Rakyat berharap dengan adanya silaturahmi antara presiden terpilih dengan pimpinan partai politik dari KMP yang sudah diperlihatkan Abu Rizal Bakri dan Prabowo Subiakto, maka isu adanya penjegalan pelantikan Jokowi-JK merupakan isu basi yang kemungkinan sengaja dihembuskan oleh kelompok kepentingan yang justru menginginkan negeri tersus menerus dilanda perpecahan. Kini seluruh masyarakat bisa menantikan bahwa pelantikan Jokowi-JK akan berjalan mulus.
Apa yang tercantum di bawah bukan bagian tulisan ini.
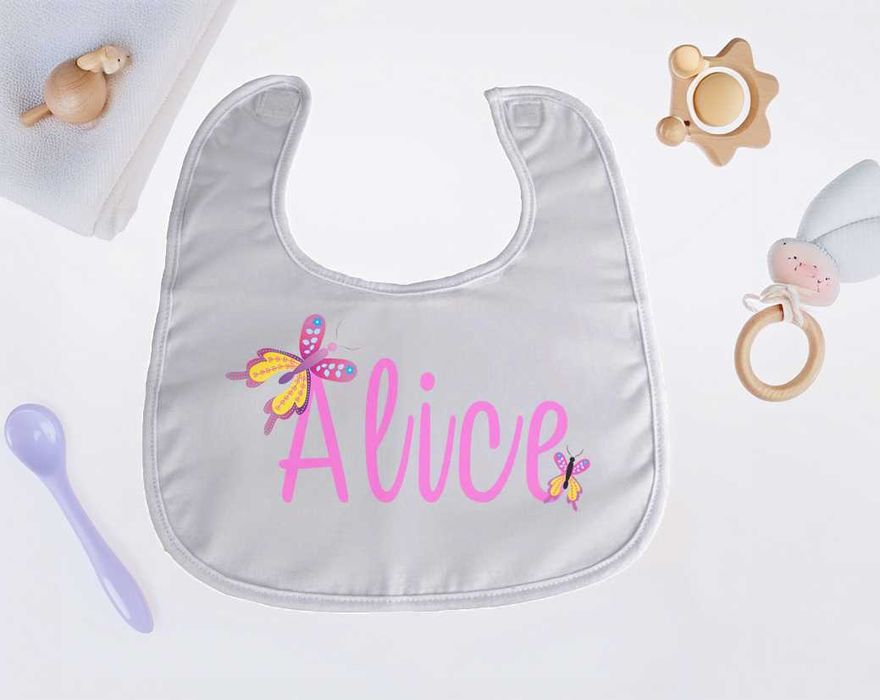 Babete Personalizado com Nome e Borboletas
Perlu Kompromi dan Komunikasi
Mengantisipasi terjadi dead lock dalam pembahasan Perppu Pilkada di DPR, maka usulan Ketua Umum DPP Angkatan Muda Pembaharuan Indonesia (AMPI) berupa tawaran alternatif perlu dipertimbangkan. DPP AMPI mengusulkan agar pemilihan kepala daerah tingkat I (Gubernur) dipilih melalui DPRD, sedangkan kepala daerah tingkat II Bupati dan Walikota) dipilih langsung oleh rakyat. Pemilihan Bupati dan Walikota secara langsung, karena pemerintahan daereh tingkat II yang bersentuhan langsung dengan rakyat. Usulan ini selain sebagai balance atau keseimbangan, juga agar tetap menjamin hak rakyat untuk memiliki kesempatan dalam memilih pimpinannya. Karena pada kenyataannya, kekuasaan di pemerintahan tingkat II itu lebih diharapkan bisa memberikan ruang untuk mendekatkan pemimpin dan rakyatnya.